Add the now-cool potatoes to the pan and, using a wooden spoon, pack the cubes down into a single layer. Cook without stirring for 3-4 minutes. Toss potatoes, using wooden spoon to assist you, then pack them down again and cook, without stirring , 2-3 minutes. Toss potatoes again, pack down again, and cook, without stirring, 2-3 minutes. The potatoes should be relatively evenly browned and crisp.
Add diced green bell pepper to pan, toss with potatoes to distribute. Using the wooden spoon, pack mixture down in a single layer and cook, without stirring, until some pepper pieces begin to char, 2 minutes.
Add cooked onions, corned beef fat, and shredded corned beef, and toss to combine. Using wooden spoon, pack mixture down into the pan, being careful not to break up potatoes. Cook, without stirring, until shreds of parts of mixture in contact with the bottom of the pan become crisp and slightly charred, 2 minutes. Toss mixture before serving to distribute crispy bits more seamlessly into the mix. Serve immediately with crispy fried eggs and chimicchuri on the side.
10-inch cast iron pan, 3-quart saucier, wooden spoon, tongs
You can use a russet potato, if you like, cut into the same dice.

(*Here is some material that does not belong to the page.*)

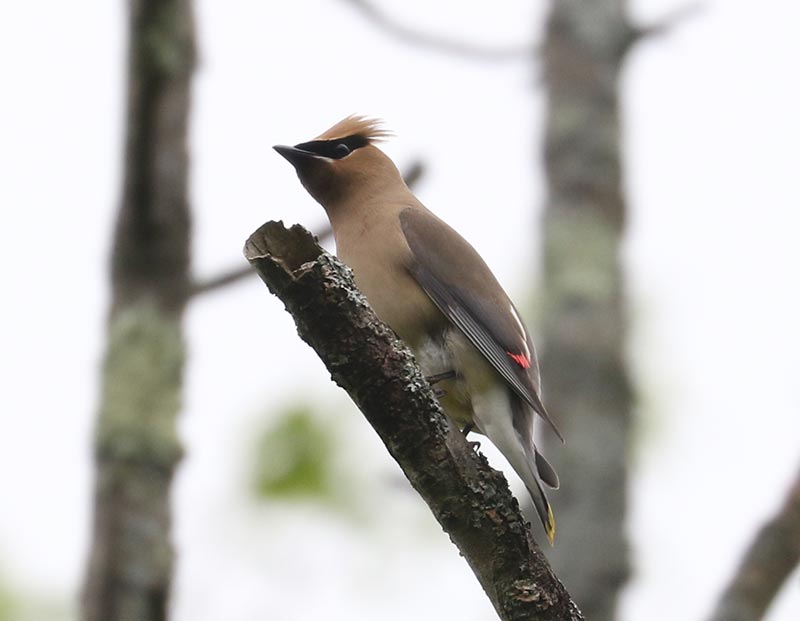 Mystery bird to be identified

Adjust the parcooking time for the potatoes in Step 1 to 6 minutes.
Make-Ahead and Storage
Surprisingly enough, corned beef hash keeps quite well in the refrigerator, and cold corned beef hash is delicious when eaten straight out of a tupperware while standing in front of your refrigerator. In a sealed container, corned beef hash will keep for up to one week in the refrigerator.